On Nov. 6, the voters spoke. Last Wednesday and Thursday, investors took a turn. And their concern about the fiscal cliff put financial markets on the defensive. The Dow Jones industrial average dropped 434 points — more than 3 percent.
Over those two days, then, the (supposedly) smart money has been betting big that America’s political leaders will fail to resolve problems of their own making: Government overspending is unsustainable. A national debt of $16 trillion-and-climbing inevitably will choke off already anemic economic growth. Business leaders are waiting for government to act. Expectations, as the Dow attests, are low.
Now is the moment for President Barack Obama and Congress to restore the shaken confidence of American business and cut a big agreement on spending and debt. As of today our economy risks falling off the cliff in 47 days.

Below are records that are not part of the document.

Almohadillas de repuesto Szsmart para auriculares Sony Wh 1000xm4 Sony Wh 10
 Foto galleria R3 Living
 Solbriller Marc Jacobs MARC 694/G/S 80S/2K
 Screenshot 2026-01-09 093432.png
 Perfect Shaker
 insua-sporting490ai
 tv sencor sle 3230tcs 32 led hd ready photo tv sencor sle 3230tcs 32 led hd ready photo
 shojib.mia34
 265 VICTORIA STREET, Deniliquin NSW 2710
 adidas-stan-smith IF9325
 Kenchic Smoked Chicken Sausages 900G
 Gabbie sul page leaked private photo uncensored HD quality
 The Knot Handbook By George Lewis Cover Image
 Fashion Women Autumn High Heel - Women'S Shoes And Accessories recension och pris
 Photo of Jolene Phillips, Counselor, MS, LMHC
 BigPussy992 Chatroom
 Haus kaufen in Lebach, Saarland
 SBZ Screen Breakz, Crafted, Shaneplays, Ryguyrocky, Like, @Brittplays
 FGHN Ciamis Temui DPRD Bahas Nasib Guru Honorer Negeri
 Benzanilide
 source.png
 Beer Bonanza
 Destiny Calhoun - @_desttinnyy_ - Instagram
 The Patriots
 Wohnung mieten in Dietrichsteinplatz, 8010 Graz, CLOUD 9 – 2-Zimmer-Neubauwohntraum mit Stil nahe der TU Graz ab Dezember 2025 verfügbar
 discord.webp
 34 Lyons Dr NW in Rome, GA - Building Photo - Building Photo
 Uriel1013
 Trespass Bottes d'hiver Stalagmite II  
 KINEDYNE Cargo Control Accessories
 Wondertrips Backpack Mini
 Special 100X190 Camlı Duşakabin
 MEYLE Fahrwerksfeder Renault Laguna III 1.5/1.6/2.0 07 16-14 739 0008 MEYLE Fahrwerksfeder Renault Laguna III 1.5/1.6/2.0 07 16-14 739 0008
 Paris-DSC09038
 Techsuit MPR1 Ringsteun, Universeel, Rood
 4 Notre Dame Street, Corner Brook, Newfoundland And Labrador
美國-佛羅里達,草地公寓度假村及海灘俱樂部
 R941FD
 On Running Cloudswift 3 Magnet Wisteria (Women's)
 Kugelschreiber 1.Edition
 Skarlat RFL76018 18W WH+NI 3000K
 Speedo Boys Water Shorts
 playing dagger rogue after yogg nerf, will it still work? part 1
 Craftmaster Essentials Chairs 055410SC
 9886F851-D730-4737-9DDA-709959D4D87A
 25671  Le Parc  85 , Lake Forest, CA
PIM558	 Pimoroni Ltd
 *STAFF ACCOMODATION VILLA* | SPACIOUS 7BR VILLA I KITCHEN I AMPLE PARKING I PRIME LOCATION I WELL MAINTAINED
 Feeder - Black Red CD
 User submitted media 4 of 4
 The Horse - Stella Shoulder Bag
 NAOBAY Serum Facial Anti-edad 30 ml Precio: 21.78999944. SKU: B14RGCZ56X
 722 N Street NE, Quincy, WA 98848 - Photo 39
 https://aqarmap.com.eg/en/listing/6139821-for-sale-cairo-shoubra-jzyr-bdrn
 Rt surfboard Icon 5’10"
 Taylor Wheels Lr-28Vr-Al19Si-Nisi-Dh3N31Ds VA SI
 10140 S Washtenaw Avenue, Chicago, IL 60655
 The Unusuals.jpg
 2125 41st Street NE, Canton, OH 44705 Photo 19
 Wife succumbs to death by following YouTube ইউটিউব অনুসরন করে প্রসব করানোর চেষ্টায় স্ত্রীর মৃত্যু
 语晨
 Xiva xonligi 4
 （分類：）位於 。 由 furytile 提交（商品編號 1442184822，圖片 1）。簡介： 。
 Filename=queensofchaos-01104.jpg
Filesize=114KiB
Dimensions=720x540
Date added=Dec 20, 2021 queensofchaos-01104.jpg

Lawmakers have given themselves until Jan. 1 to dodge the cliff. They need to reach a deal that averts automatic tax increases and government spending cuts, dual threats that were put in place under the Budget Control Act of 2011 to force a reckoning no later than … now.
Remember all that election palaver from both parties about the need for Washington to help create jobs, jobs, jobs? Yet as Republicans and Democrats on Capitol Hill open post-election negotiations with a flurry of public statements, evidence mounts that fiscal-cliff uncertainty has been discouraging business investment. Companies that may want to hire, won’t. They have no idea what Washington will do for them — or to them — as our economy approaches the cliff.
One recent warning sign came from the U.S. Federal Reserve. In its latest survey of senior loan officers, the Fed reported the good news that U.S. banks stand willing to lend. For the 11th quarter in the past 12, banks loosened their credit standards on commercial and industrial loans. As Bill Clinton would say, this is important: Credit is the lifeblood of business, and when it is readily available, businesses usually respond by increasing their spending. They buy equipment, or software. They expand facilities. They hire.
In the third quarter, however, the loan officers reported demand for commercial loans had fallen. It is a relatively small indicator, but it supports what we’ve heard all summer and fall from corporate leaders: Business investment is laboring under a pall of uncertainty. Wait-and-see is the order of the day. The recession in Europe and the slowdown in China play a role in that prevailing caution.
Most often, though, these execs talk about the fiscal cliff.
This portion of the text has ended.